Van Cats Victorious
Friday, 26 April 2024 08:20
Great news from Turkey!
The Van cat population is surging. Van cats are a naturally occuring breed from the Van Province in eastern Turkey. It’s home to Lake Van, the largest lake in the country.
Van cats are utterly gorgeous:they have white fur coats (with the faint dark markings on the head), blue or amber eyes, sometimes one of each, bushy tails – and they love swimming. They are often called the Swimming Cats and they do have a magnificent lake to swim in. Three decades ago, the breed was on the brink of extinction but now, thanks to the sterling work of Van Cat Research and Application Center at Van Yuzinci Yil University, numbers are on the rise. Almost twice as many kittens were born this year as last year. Actually I don’t think there could ever be too many of these handsome creatures, so let’s hope the increase continues.
There is a very persuasive local legend that Van cats are the descendants of the cats Noah took on the ark. It would explain the swimming. And as you know, when the flood waters receded, the ark was left perched on Mt Ararat, the tallest mountain in Turkey, part of the Armenian Highlands, and only 321km /200 miles northeast of Lake Van. All right, no cats are actually mentioned in the Bible, unless you count the lions who shared their den with Daniel, but that doesn’t mean they weren’t there.
It is particularly appropriate that this good news was announced around the time we celebrate St George’s day (23 April). Despite some English people seeming to think that George was a white British male, he was Turkish. He was born in Cappadocia, which is now part of Turkey, to a Greek father and a mother from Syria Palestine – the part that is now Israel. The family moved to Rome, where George signed up for the military, serving in the elite Praetorian Guard.
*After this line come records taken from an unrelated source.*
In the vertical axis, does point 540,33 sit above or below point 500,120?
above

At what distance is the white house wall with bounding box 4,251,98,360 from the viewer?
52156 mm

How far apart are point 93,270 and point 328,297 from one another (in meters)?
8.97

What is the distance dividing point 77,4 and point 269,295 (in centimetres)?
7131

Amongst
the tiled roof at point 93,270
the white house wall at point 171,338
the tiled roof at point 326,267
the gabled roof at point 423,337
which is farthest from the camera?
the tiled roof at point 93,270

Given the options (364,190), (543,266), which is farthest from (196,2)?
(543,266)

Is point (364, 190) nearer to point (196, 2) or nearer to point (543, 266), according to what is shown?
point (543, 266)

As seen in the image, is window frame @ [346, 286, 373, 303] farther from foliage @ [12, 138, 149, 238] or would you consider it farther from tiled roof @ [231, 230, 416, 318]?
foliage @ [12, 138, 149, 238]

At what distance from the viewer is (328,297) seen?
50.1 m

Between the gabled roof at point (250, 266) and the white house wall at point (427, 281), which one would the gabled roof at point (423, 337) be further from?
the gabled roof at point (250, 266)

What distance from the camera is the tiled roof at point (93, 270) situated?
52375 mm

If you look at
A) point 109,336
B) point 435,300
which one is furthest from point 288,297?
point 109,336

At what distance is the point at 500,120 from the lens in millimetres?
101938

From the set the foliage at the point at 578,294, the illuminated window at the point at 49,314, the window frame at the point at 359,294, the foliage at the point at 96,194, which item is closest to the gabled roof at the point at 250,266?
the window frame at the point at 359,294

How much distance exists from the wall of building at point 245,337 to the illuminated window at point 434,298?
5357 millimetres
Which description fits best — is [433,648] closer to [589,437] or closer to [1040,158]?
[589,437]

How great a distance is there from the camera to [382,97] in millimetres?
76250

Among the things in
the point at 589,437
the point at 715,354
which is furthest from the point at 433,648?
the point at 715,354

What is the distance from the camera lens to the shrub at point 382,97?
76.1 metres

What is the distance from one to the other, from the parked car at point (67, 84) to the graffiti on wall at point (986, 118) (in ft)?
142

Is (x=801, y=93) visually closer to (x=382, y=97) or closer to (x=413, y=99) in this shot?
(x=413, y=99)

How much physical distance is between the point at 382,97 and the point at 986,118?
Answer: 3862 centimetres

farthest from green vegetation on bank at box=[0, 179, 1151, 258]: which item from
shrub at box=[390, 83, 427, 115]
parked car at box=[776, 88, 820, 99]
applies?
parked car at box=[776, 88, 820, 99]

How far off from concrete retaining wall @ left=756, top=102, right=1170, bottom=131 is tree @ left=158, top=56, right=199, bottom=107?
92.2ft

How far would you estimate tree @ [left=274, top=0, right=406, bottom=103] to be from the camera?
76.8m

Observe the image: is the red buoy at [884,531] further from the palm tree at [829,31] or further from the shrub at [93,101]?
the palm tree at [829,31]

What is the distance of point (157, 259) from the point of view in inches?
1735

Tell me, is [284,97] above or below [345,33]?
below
After his martyrdom in AD 303 ,he became an extremely popular and busy saint and is venerated all over the Middle East, lots of Europe, and beyond. He is the patron saint of Georgia, Bulgaria, Lithuania, Greece, Serbia, Bosnia. Montenegro, Malta, England, Portugal, and parts of Spain, Brazi and Kerala, looks after an impressive number of cities, including Moscow, Istanbul, Genoa and Venice, and is the dedicatee of too many churches to mention. I have probably left some places out, but you get the picture.
There seems no direct connection to cats, but George must have been a cat man. I am sure he was fond of them - all the Roman military were, they kept the rats and mice out of the garrison food stores - it’s just that he was too busy to mention it.